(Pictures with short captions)

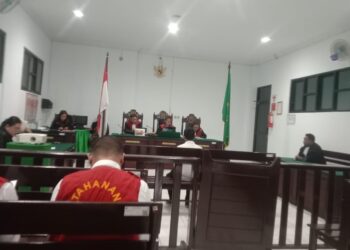 Hakim Vonis Bandar Judi Online di Ambon 1,6 Tahun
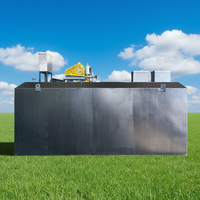 Équipement de traitement des eaux usées souterraines fabriqué en usine pour l'utilisation dans les usines de fabrication, les hôpitaux, les zones rurales et les abattoirs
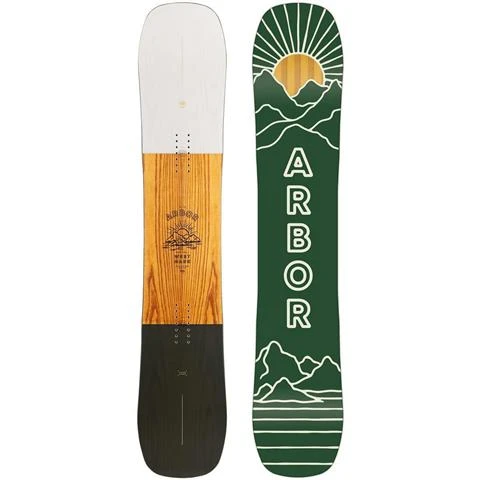 Arbor Collective Men's Westmark Camber Frank April Snowboard 2 Arbor Collective Men's Westmark Camber Frank April Snowboard - Image 2
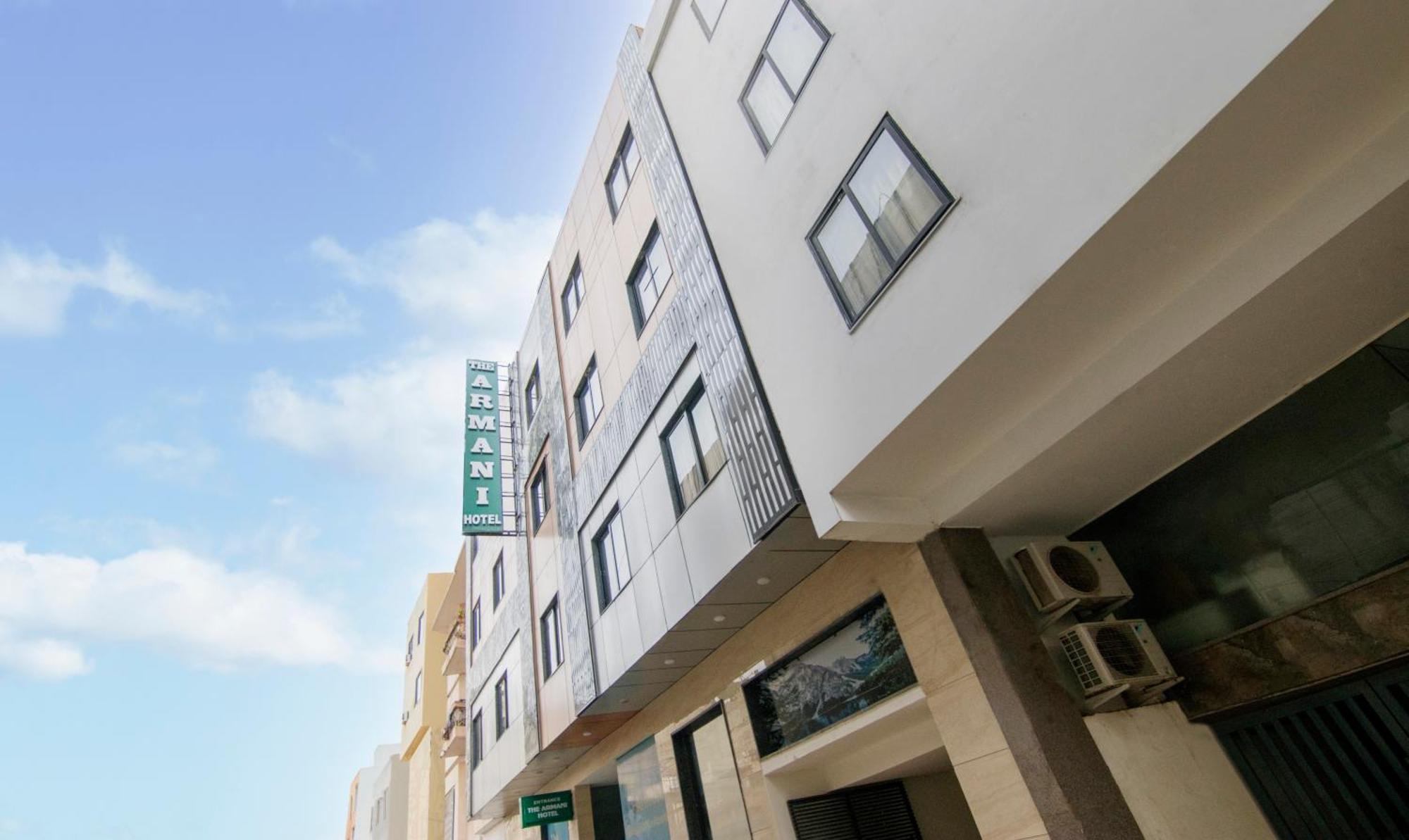 Hotel Hsp Plaza Nové Dillí Exteriér fotografie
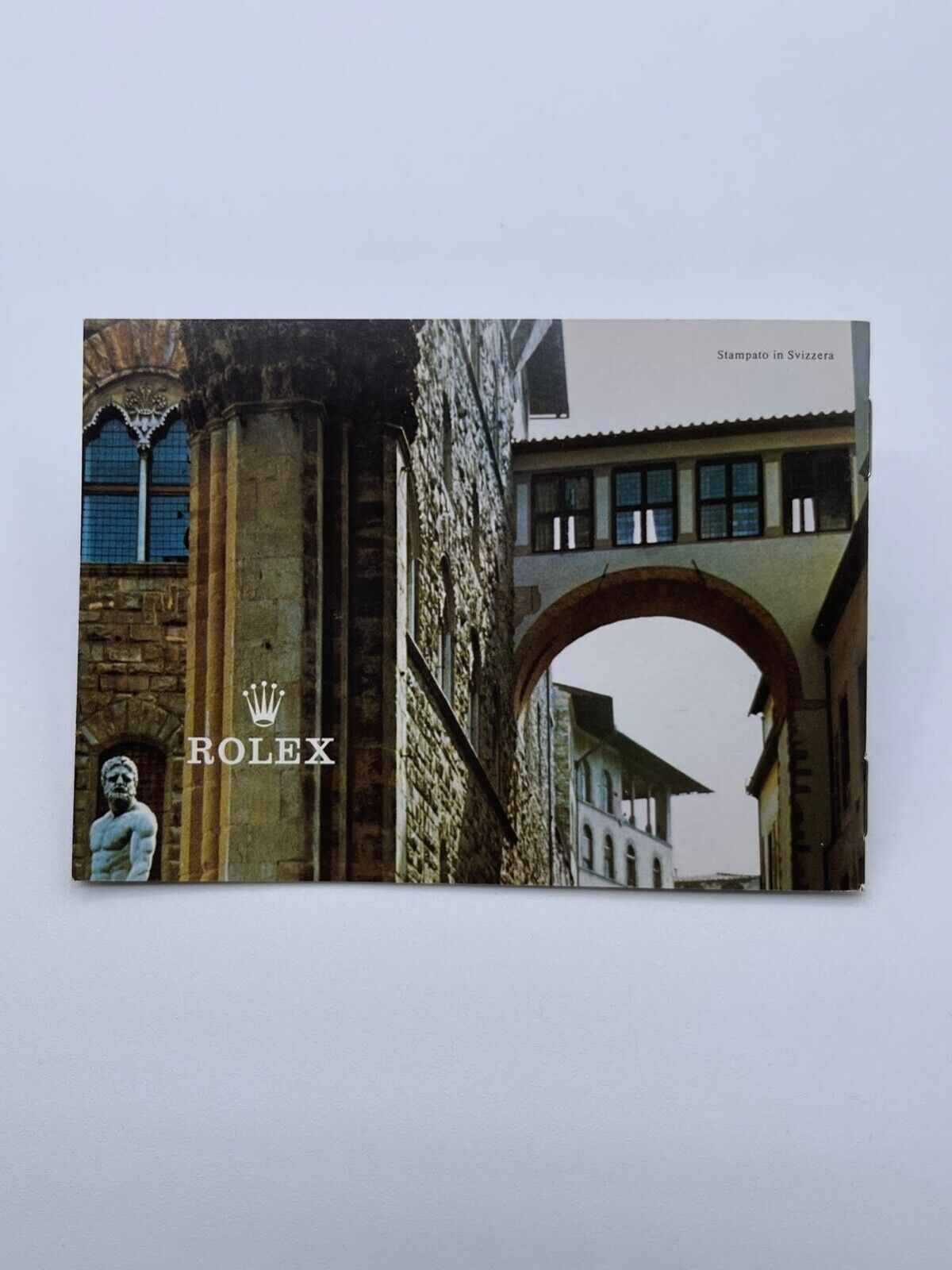 Rolex Cellini libretto corredo orologio italiano originale ( 1991 - 2015 )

> **WORK ORDER**
Set down, word for word, the line that holds "Équipement de traitement" and all lines after it to the end of the entries above, but not the pictures.

> **SOLUTION TO THIS TASK**
 Équipement de traitement des eaux usées souterraines fabriqué en usine pour l'utilisation dans les usines de fabrication, les hôpitaux, les zones rurales et les abattoirs
 Arbor Collective Men's Westmark Camber Frank April Snowboard 2 Arbor Collective Men's Westmark Camber Frank April Snowboard - Image 2
 Hotel Hsp Plaza Nové Dillí Exteriér fotografie
 Rolex Cellini libretto corredo orologio italiano originale ( 1991 - 2015 )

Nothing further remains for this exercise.